I found that there were failures at both the internal and external levels. Internally, communication within the program was poor. For example, Coach Flood always stated in the off-season that we were “competing for a Big Ten Championship.” That was simply not a realistic message to give to his team as those hopes were usually dashed three weeks into the season.
It was these types of unattainable goals that ultimately lead to establishing a culture of failure.
Externally, Coach Flood explicitly attempted to distort the truth in the academic scandal that ultimately led to his firing. When asked why he used a private email account instead of his university registered account, he said, “The issue with the private email was really just to protect the student-athlete, a student-athlete whose academic record had always been, to some degree, on public display when it shouldn’t have been.”

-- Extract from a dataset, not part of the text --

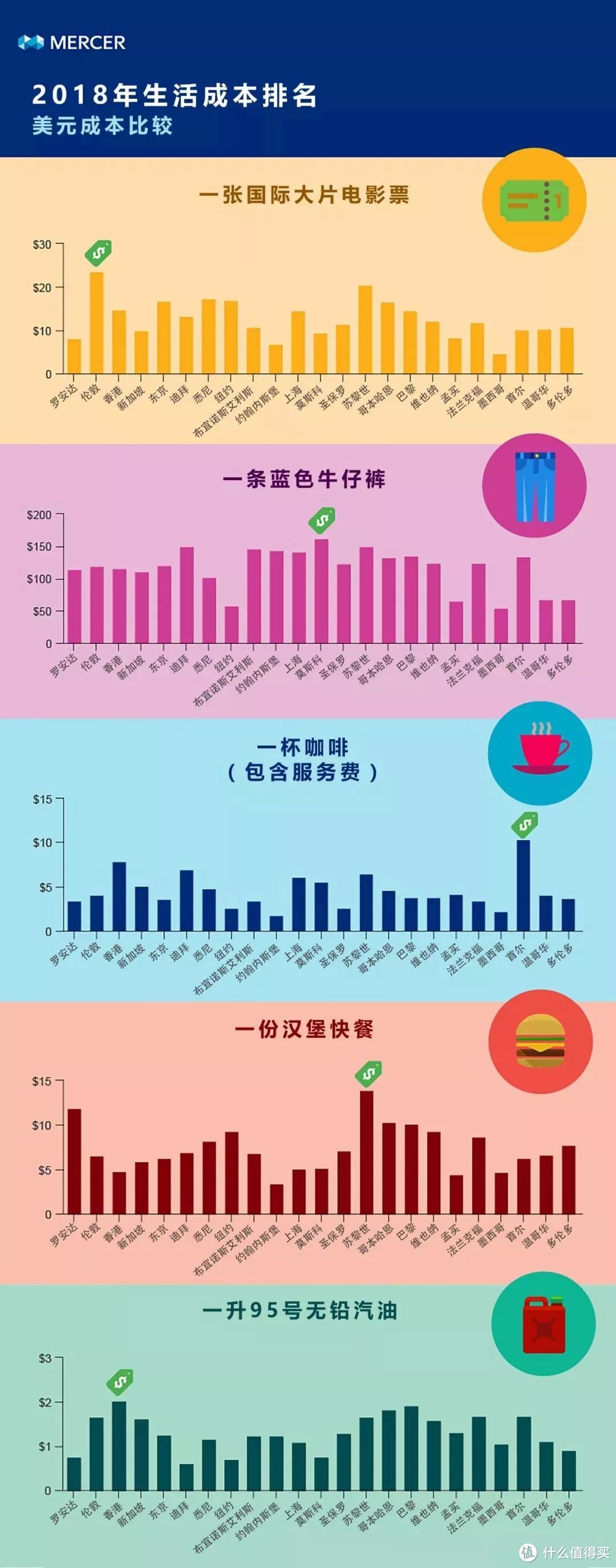 不吃不喝600年才买得起一个车位……在一线城市生活成本到底有多高？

If a player is in good academic standing, then their academic record would never have been a topic. This player was not in good standing, and by saying this, Flood not only removed his athlete’s responsibility for being a topic of media coverage but also hid the real reason for using a private email, which was likely to erase any trail of his wrongdoing. This failure of external communication furthered an already negative perception of his leadership within the program.

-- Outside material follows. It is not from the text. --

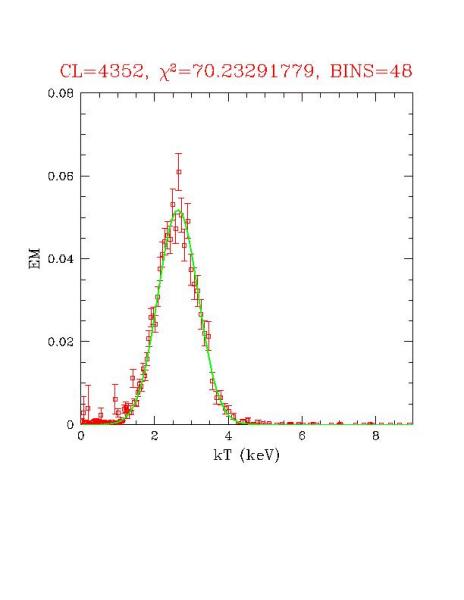 cluster_4352_r03.ps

None of these failures became so clear to me until I got the opportunity to operate under the new coaching staff at Rutgers University lead by Chris Ash.
After watching just one practice I saw that, as Simon Sinek wrote in Start with Why, “there are leaders, and there are those who lead.”

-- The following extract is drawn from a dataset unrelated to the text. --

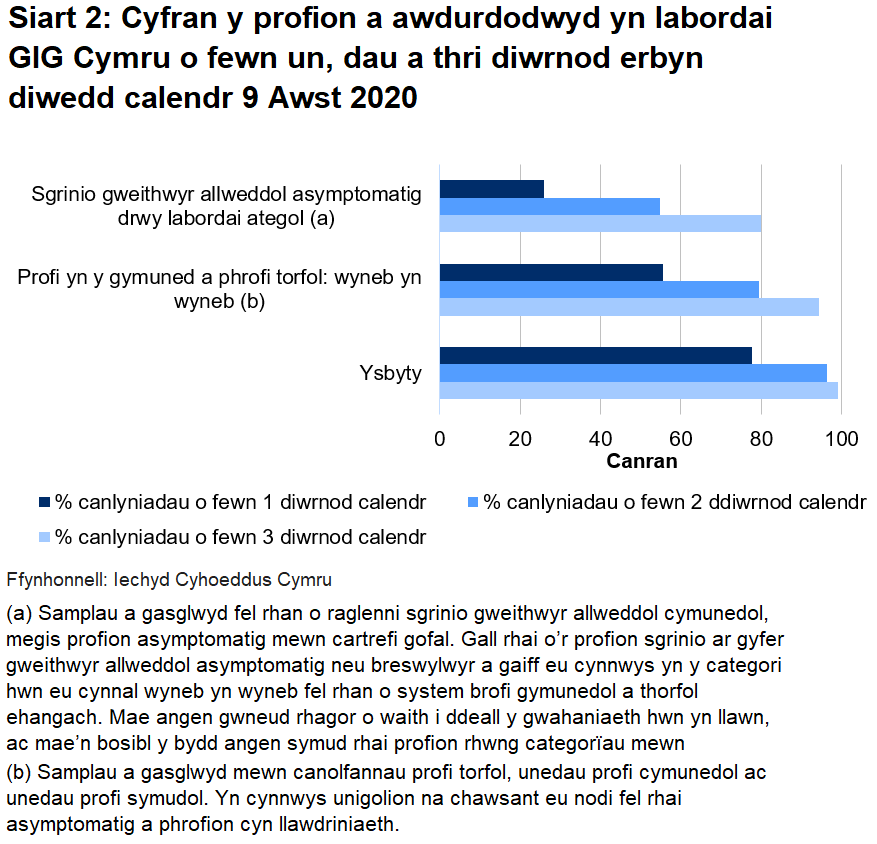 Siart cyfran o’r profion a awdurdodwyd yn labordai GIG Cymru o fewn un, dau a thri diwrnod erbyn diwedd 9 Awst 2020. Hyd yma, roedd 55.5% o'r profion cymunedol ar gais, 25.9% o'r profion sgrinio rheolaidd yn y cymuned a a 77.8% o'r profion ysbytai wedi'u hawdurdodi o fewn un diwrnod.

A leader, Kyle Flood, is merely someone who holds a position by title. But someone who leads, Chris Ash, can be any person, regardless of a title, that does what is needed to be done. The simplicity of Coach Ash’s messages and central theme of accountability are extremely refreshing adjustments from the far reaching goals of the Kyle Flood Era.
This is evident in the way the staff delivers information to the team, fans, and media. At his introductory press conference, Coach Ash clearly showed how his style contrasts to that of Kyle Flood.
When asked if winning championships was a realistic goal for his program, he answered, “we’re not going to make a lot of goals that talk about results with winning games and championships. We’re going to worry about making goals that make us better tomorrow than we were today.”
“It’s about getting better every single day,” he said.
Being present at practices this winter, I can honestly say that he has stuck to this quote every day. Therefore, there is better internal and external communication in the Rutgers Football program.
In addition to an improvement in communication, Coach Ash also shows that he has begun the process of finding a path to greatness by confronting the brutal facts of the program’s current reality. It is ultimately a fact that Rutgers will not win the Big Ten this year, and Coach Ash accepts that.
But he is willing to focus on the things that he feels he can control and make his players more capable of becoming champions. He does this simply by holding them accountable and demanding maximum effort. I have personally been inspired by his messages without having a conversation with him, and I feel motivated to be a better person by having the opportunity to be in his presence.